**WORK REQUEST**.
How many lines of these entries hold the string "Print"? Answer with the number alone.

Web page caption snippets
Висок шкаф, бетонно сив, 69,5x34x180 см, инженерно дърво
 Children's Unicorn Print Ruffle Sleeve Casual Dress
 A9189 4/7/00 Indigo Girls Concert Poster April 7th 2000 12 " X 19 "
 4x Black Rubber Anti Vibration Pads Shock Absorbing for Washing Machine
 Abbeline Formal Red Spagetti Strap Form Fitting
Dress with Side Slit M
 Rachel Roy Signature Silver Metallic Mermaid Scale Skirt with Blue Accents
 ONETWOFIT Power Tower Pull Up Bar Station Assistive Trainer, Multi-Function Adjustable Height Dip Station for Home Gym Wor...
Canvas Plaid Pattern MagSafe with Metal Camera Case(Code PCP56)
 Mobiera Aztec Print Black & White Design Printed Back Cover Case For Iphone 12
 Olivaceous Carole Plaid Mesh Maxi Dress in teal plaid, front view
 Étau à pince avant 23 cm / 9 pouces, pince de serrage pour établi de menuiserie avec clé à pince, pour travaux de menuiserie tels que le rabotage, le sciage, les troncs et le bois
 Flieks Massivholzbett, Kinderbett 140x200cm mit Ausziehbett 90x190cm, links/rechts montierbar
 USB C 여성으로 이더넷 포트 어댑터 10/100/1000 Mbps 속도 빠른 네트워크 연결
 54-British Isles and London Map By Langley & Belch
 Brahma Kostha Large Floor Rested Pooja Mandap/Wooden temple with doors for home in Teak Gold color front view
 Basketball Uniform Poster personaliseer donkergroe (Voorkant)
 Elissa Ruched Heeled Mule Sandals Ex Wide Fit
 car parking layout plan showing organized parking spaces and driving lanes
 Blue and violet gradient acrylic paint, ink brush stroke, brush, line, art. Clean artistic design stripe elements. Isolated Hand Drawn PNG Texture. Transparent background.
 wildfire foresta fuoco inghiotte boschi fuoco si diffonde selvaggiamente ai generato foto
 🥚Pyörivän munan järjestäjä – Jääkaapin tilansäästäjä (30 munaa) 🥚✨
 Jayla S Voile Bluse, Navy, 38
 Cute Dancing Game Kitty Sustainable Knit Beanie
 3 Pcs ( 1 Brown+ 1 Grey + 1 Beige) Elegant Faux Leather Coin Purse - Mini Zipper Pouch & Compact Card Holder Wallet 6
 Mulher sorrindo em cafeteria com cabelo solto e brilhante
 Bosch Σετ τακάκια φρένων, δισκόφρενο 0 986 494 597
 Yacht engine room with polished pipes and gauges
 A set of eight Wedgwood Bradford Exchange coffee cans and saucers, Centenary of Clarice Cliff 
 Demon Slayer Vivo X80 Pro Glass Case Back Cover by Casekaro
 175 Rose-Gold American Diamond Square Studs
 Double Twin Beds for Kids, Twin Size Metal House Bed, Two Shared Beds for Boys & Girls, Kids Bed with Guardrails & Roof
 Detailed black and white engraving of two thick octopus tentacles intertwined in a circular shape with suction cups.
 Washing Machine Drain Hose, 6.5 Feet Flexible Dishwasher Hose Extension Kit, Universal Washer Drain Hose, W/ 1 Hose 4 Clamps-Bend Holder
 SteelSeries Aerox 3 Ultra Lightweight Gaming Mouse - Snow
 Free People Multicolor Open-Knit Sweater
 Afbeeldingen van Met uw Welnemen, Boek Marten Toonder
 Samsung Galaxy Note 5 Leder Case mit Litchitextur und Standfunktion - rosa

**RESPONSE**.
2